[Records contained in a dataset]
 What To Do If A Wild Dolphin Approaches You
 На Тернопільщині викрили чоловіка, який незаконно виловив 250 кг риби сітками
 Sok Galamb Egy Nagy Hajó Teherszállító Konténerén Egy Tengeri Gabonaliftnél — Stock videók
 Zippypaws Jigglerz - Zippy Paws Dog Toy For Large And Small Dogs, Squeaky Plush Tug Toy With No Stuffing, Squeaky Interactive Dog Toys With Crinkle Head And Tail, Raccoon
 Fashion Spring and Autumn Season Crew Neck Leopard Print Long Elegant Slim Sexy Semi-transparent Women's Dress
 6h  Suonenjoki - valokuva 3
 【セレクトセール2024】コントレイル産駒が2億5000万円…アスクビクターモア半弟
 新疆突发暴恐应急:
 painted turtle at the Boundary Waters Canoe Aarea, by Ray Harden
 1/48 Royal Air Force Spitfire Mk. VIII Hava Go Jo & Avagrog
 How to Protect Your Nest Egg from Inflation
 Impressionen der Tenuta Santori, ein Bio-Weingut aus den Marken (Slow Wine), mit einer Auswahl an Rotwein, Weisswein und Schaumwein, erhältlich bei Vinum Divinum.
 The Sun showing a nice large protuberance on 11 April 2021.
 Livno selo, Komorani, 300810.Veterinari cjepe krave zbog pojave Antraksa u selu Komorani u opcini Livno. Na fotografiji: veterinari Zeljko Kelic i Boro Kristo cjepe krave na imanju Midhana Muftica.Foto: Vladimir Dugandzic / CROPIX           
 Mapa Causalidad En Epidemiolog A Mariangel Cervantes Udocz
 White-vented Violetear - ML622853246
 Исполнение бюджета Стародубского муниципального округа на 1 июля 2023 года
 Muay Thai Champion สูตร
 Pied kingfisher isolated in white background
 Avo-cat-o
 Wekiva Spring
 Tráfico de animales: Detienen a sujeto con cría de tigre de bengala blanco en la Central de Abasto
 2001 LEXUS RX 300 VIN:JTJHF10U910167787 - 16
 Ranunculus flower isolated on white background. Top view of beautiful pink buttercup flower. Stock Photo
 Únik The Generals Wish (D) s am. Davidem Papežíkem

## Problem description
Search the data above for the string "isolated" and report each line that holds it.

## Response box
 Pied kingfisher isolated in white background
 Ranunculus flower isolated on white background. Top view of beautiful pink buttercup flower. Stock Photo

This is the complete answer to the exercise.